What you are asked to do.
Reproduce, word for word, the lines in the material below starting with the one that has "Classical Building II 3D model" and going on through the one that has "Sandales/nu pieds bout". Leave out all pictures.

Stored data.
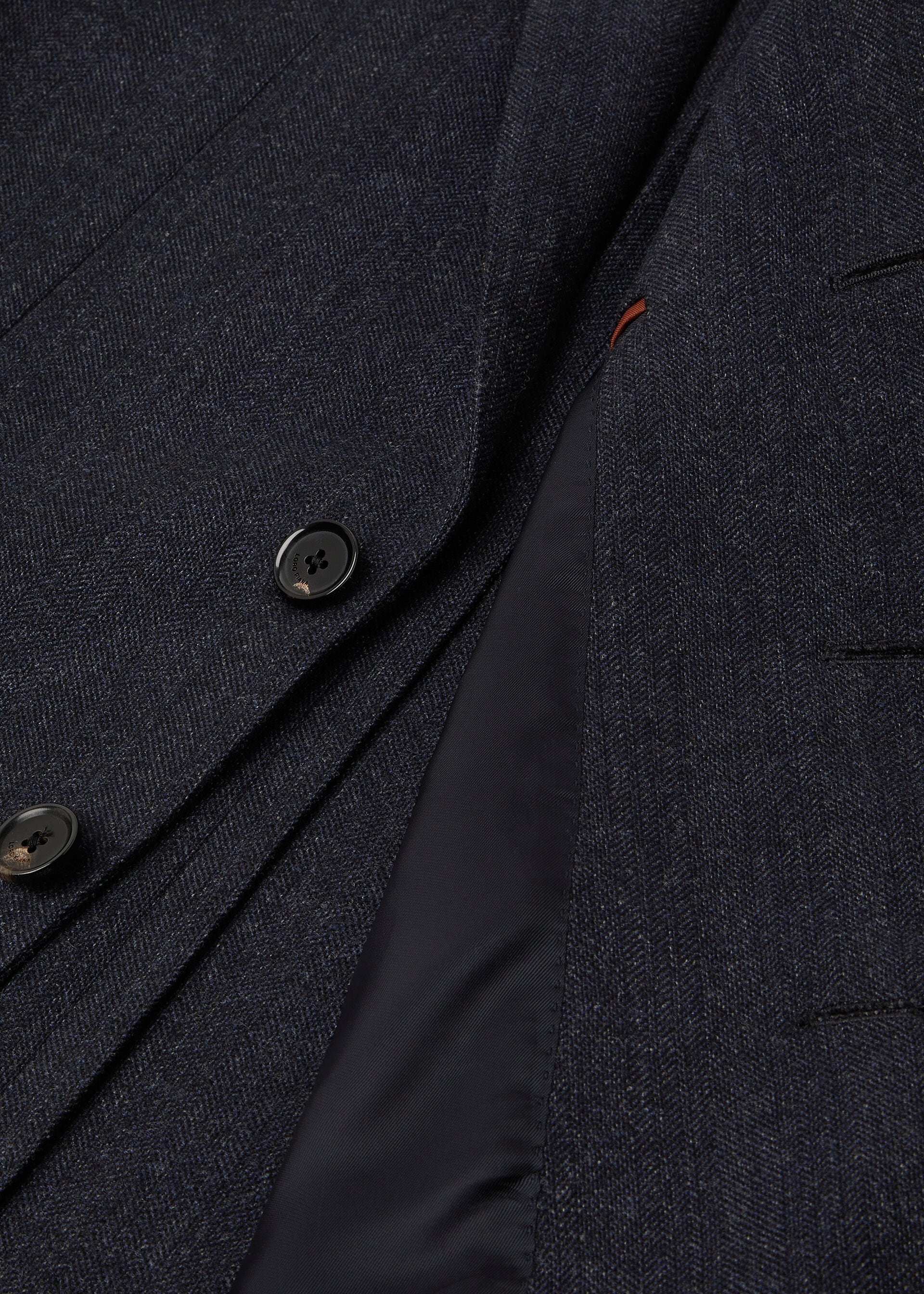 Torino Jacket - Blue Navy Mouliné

==

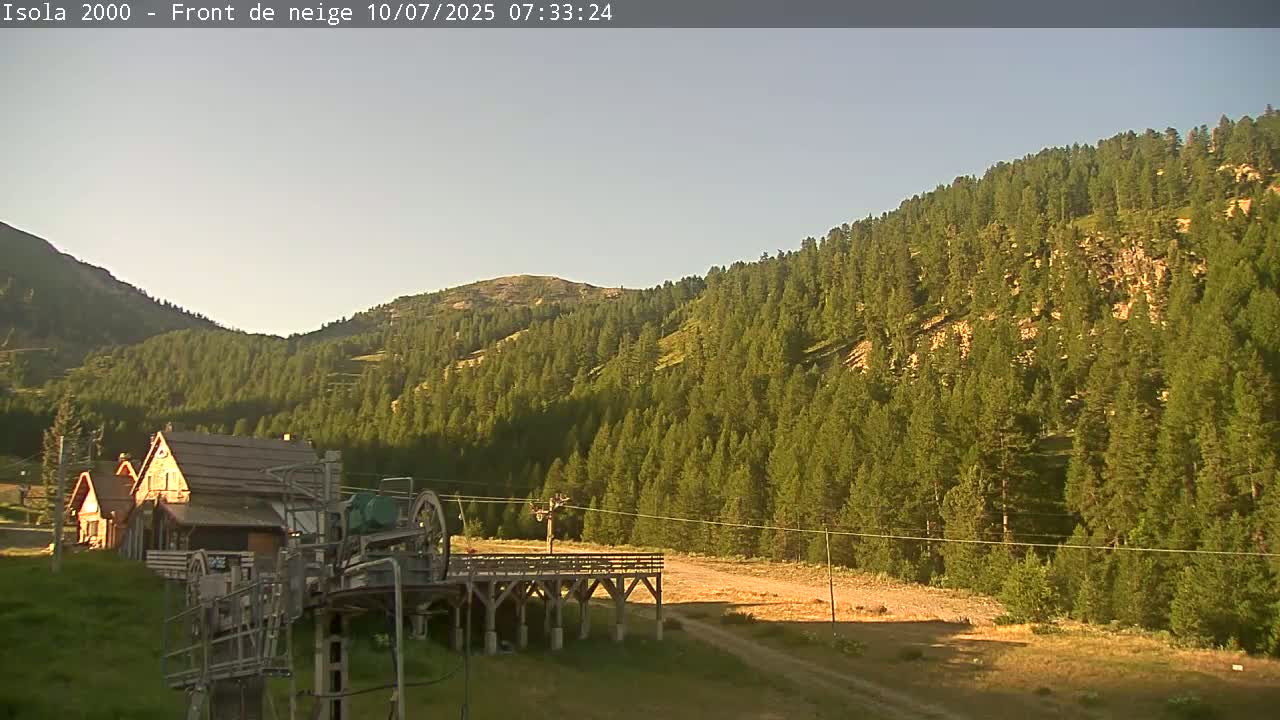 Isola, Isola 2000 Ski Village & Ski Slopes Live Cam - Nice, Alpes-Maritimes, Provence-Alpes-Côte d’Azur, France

...

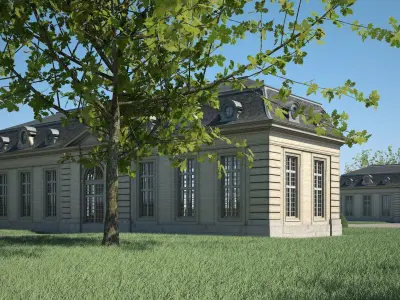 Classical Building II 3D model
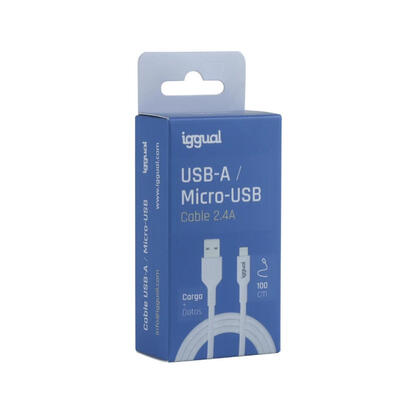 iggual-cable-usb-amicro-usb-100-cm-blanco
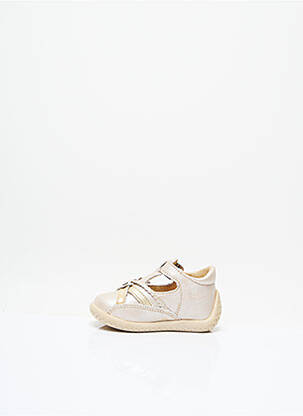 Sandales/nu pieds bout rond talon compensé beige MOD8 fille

Response below.
 Classical Building II 3D model
 iggual-cable-usb-amicro-usb-100-cm-blanco
 Sandales/nu pieds bout rond talon compensé beige MOD8 fille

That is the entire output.